Patt Hardaway, who is in seminary and helps with the Lindenwood women’s ministry, went to see the production last summer in St. Louis.
“I wasn’t sure what I was going to think about it,” she recalled. “I just didn’t know if they were going to try to tell us what kind of woman you had to be or whatever.”
Instead, Hardaway and the other women laughed and cried together and came back rejuvenated.
“It was really just a sharing of experiences that women have in common . . . more than it is pounding you with doctrine or anything like that.”
But appearances by evangelists like Benny Hinn draw a mixed reaction.
Hinn is a charismatic televangelist known for his theatrical healing services. His animated gestures inspired Steve Martin’s portrayal of a faith healer in the movie Leap of Faith.
“People who go to see Benny Hinn are attracted to the ministry of healing, and that’s by faith,” said Atkins at Greater Imani. “Benny Hinn doesn’t heal anybody. If they do actually get healed it’s the Lord that heals them.”
Hinn has been the subject of numerous news articles and investigative news shows that have questioned his healing crusades and criticized him for failing to account for the money he raises on television and during crusades.
“He’s fleecing the faithful,” said Lindenwood’s Stauffer. “Think of the good that could be done with the millions and millions of dollars he makes probably weekly, the difference that could be made in the world and yet, he’s just racking it in with that rah-rah stuff he’s doing.
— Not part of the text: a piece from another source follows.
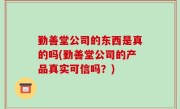 勤善堂公司的东西是真的吗(勤善堂公司的产品真实可信吗？)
“Women of Faith? Good for the church. Benny Hinn? Nah.”
“He gets cheap shots all the times,” said Randel McCarty, pastor of Cathedral of Praise, one of the local host churches of Hinn’s Memphis crusade, which also will include a mass choir comprised of 600 singers from church choirs around the city.
McCarty said Women of Faith and Benny Hinn both ultimately help local churches.
“Our attendance will be up after these two venues come to town,” McCarty said. “Both of these venues are here, not for the building of individual kingdoms, but for the building of the body of Christ.”